Plus les efforts environnementaux seront grands, plus le Canada et les États-Unis réussiront à réduire leurs gaz à effet de serre, «mieux nous nous porterons tous», a lancé l'ambassadeur américain au Canada, David Jacobson, il y a quelques jours.

Le message lancé au gouvernement Harper était limpide: aidez-nous à dire oui au projet Keystone XL, sinon...

Les propos de M. Jacobson, formulés à la suite d'un discours de l'Union portant en grande partie sur le climat, ont fait grand bruit à Ottawa, où l'on décortique chaque virgule, chaque propos, chaque intonation du président Obama depuis sa réélection.

On réagit ainsi au quart de tour, on tente de contrer le discours négatif, on essaye de prouver que le Canada a un bien meilleur bilan environnemental que ce qu'en disent les écologistes. Mais on s'en tient, encore et toujours, à quelques phrases creuses qui ne sont pas à la hauteur des nombreux avertissements formulés pas l'administration Obama depuis cinq ans...

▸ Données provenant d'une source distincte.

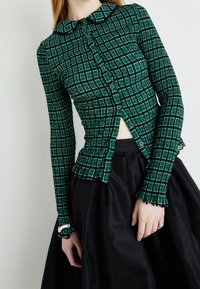 Groene geruite overhemd met lange mouwen en een kraag, voorzien van knopen aan de voorkant, gerimpelde mouwen en een getailleerd ontwerp, gecombineerd met een zwarte rok.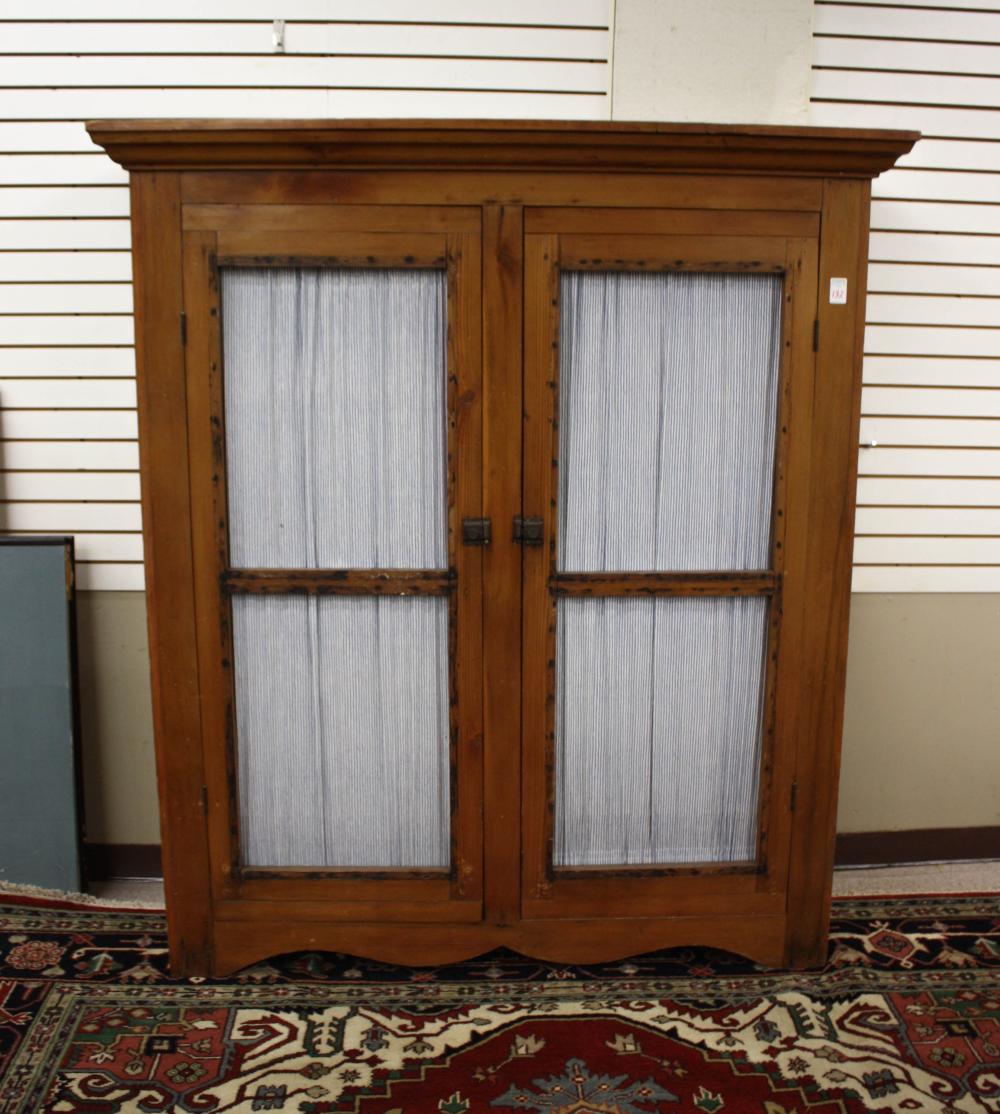 Appraisal: COUNTRY PINE CUPBOARD American late century the two full-length doors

Déjà, en 2008, un conseiller à l'énergie du candidat Obama avait souligné l'importance pour le Canada de réduire l'impact des sables bitumineux, sans quoi cette source pétrolière «ne cadrerait pas» avec les objectifs à long terme du futur président.

L'année suivante, au tour du secrétaire américain à l'Énergie, Steven Chu, d'affirmer que le pétrole albertain «mérite d'être exploité d'une façon plus soucieuse de l'environnement», précisant nourrir beaucoup d'espoir dans la technologie verte.

Puis en 2010, une cinquantaine de membres du Congrès s'opposaient à Keystone XL et des centaines de chefs d'entreprise demandaient à la Maison-Blanche de tourner le dos au pétrole canadien. Des critiques qui s'ajoutaient à la couverture défavorable du National Geographic et à la résolution des 1100 membres de la United States Conference of Mayors, qui souhaitaient réduire, voire interdire l'achat d'essence issue des gisements bitumineux.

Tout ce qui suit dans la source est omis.